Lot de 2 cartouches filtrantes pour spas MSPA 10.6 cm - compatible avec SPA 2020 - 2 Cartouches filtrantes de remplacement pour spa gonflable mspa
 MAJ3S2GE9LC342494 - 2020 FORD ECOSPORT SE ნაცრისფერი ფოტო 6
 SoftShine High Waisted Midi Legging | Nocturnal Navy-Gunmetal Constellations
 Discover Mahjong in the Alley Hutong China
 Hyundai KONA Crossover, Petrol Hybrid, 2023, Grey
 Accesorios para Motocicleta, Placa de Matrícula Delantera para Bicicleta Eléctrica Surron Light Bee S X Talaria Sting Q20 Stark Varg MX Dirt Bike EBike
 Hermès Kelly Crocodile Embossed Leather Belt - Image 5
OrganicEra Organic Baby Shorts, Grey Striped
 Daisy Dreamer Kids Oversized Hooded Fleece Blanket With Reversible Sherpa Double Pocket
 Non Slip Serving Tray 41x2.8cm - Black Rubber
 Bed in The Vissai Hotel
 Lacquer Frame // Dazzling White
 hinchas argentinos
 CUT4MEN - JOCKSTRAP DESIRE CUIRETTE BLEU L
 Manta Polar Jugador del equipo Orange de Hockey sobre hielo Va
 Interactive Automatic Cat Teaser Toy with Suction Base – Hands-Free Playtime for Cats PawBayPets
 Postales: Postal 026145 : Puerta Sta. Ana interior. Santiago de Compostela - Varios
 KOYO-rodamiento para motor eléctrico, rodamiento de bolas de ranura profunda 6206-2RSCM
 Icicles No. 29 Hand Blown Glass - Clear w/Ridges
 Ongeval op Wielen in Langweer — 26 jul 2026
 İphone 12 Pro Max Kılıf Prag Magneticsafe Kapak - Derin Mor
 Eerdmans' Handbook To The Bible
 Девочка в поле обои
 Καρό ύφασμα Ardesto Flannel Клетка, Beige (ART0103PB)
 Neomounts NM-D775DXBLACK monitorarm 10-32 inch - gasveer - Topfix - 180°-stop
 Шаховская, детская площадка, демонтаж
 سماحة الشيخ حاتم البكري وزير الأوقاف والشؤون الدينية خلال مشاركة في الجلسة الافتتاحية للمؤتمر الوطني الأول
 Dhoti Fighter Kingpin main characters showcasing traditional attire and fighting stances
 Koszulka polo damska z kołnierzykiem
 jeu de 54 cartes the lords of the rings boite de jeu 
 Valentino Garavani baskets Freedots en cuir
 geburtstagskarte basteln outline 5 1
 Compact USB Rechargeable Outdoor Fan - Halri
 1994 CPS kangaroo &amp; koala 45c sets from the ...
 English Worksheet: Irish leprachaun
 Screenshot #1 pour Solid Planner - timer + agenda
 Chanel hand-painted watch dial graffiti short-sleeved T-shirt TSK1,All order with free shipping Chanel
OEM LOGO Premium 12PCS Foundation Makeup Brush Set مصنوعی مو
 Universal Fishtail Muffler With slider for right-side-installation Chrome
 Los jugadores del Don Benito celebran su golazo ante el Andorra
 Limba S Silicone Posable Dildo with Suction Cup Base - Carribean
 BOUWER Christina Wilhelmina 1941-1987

● ACTIVITY: Every line from the one containing "Шаховская, детская площадка, демонтаж" through the last line of the entries must be written out verbatim, and no other line.

● RESPONSE TO THE TASK:
 Шаховская, детская площадка, демонтаж
 سماحة الشيخ حاتم البكري وزير الأوقاف والشؤون الدينية خلال مشاركة في الجلسة الافتتاحية للمؤتمر الوطني الأول
 Dhoti Fighter Kingpin main characters showcasing traditional attire and fighting stances
 Koszulka polo damska z kołnierzykiem
 jeu de 54 cartes the lords of the rings boite de jeu 
 Valentino Garavani baskets Freedots en cuir
 geburtstagskarte basteln outline 5 1
 Compact USB Rechargeable Outdoor Fan - Halri
 1994 CPS kangaroo &amp; koala 45c sets from the ...
 English Worksheet: Irish leprachaun
 Screenshot #1 pour Solid Planner - timer + agenda
 Chanel hand-painted watch dial graffiti short-sleeved T-shirt TSK1,All order with free shipping Chanel
OEM LOGO Premium 12PCS Foundation Makeup Brush Set مصنوعی مو
 Universal Fishtail Muffler With slider for right-side-installation Chrome
 Los jugadores del Don Benito celebran su golazo ante el Andorra
 Limba S Silicone Posable Dildo with Suction Cup Base - Carribean
 BOUWER Christina Wilhelmina 1941-1987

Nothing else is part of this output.